O segundo tema importante é a liberdade de expressão. Ela aparece de maneira discreta em dois trechos:
“Ao longo do período, o jornal não vislumbrou qualquer coisa positiva na atuação do STF ou do CNJ. Faz parte da vida. Parafraseando Rosa Luxemburgo, liberdade de expressão é para quem pensa diferente. Mas o que existe está nos olhos de quem vê.”
“Com plena liberdade de expressão, inclusive para críticas injustas. Sinal de que, mesmo sendo impossível agradar a todos, temos cumprido bem o nosso papel.”
Em vez de um debate sério sobre a liberdade de expressão, Barroso sai com uma tirada: o STF respeita tanto a liberdade de expressão que ele “deixa” o Estadão criticá-lo. Isso, no entanto, não prova nada, a não ser a covardia de Barroso para censurar o jornal da Família Mesquita. A covardia, inclusive, é tão grande que o Estadão, já sabendo que as bravatas de Barroso nada valem contra o jornal, publicou o artigo do presidente do STF.

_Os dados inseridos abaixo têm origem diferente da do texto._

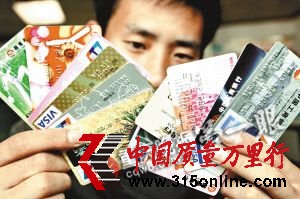 網上申辦信用卡額度只有50元 銀行建議柜臺辦理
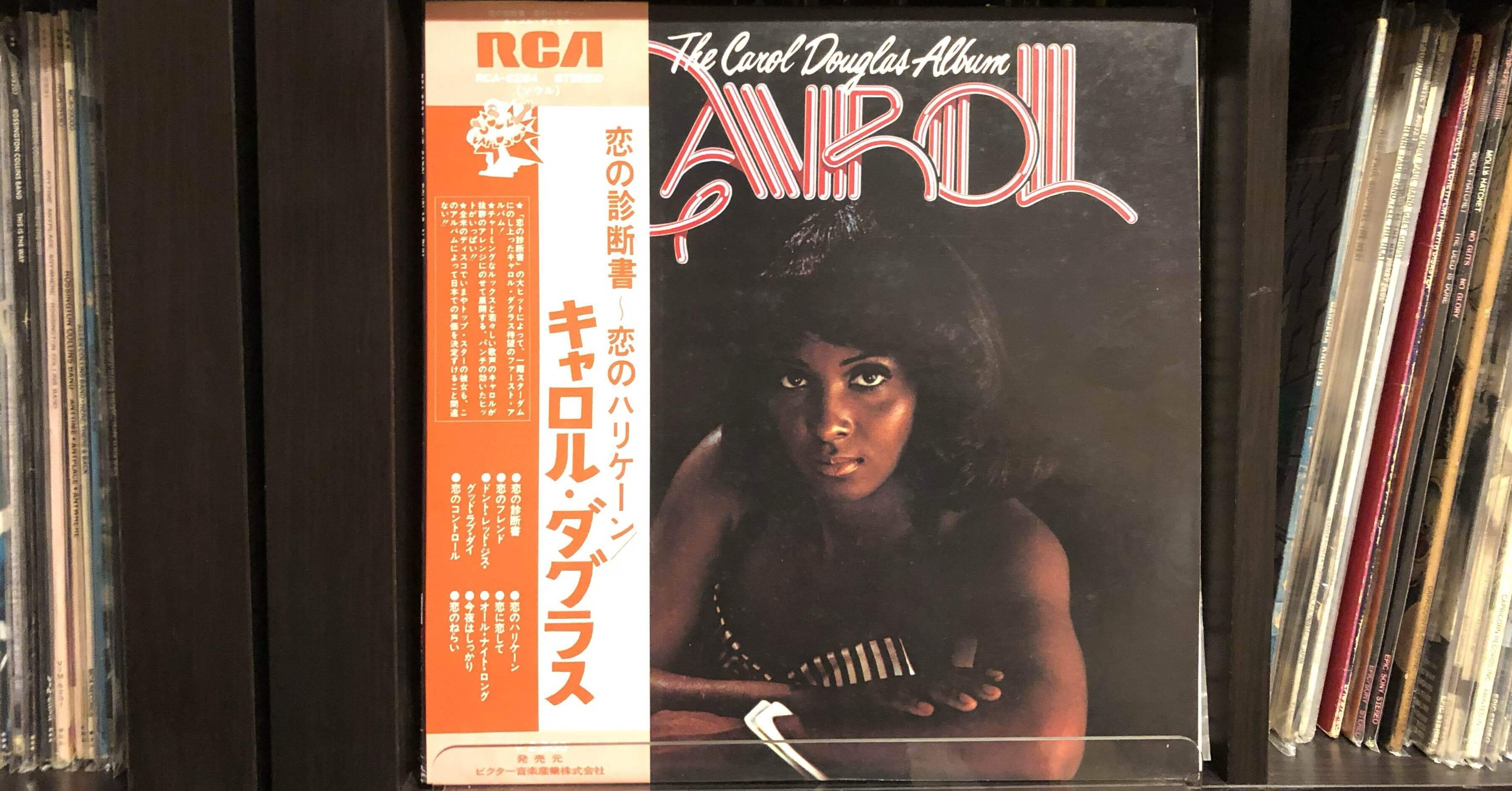 恋の診断書〜恋のハリケーン／キャロル・ダグラス ('75)｜Takeshi Tada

Para além das tiradas, Barroso deveria responder: onde estava a liberdade “para quem pensa diferente” quando o STF derrubou os perfis do PCO na Internet por criticar Alexandre de Moraes? E quando o STF determinou a prisão de Daniel Silveira pelo mesmo motivo?
Devemos, igualmente, perguntar: qual a posição do senhor Barroso acerca da derrubada do artigo 19 do Marco Civil da Internet, que tornará a Internet um ambiente de censura total por parte de empresas estrangeiras?
Sobre isso, silêncio total. Afinal, apesar do ataque de pelancas, todo mundo já sabe de que lado Barroso está: o lado da repressão, da censura, do autoritarismo. O lado da ditadura do Judiciário.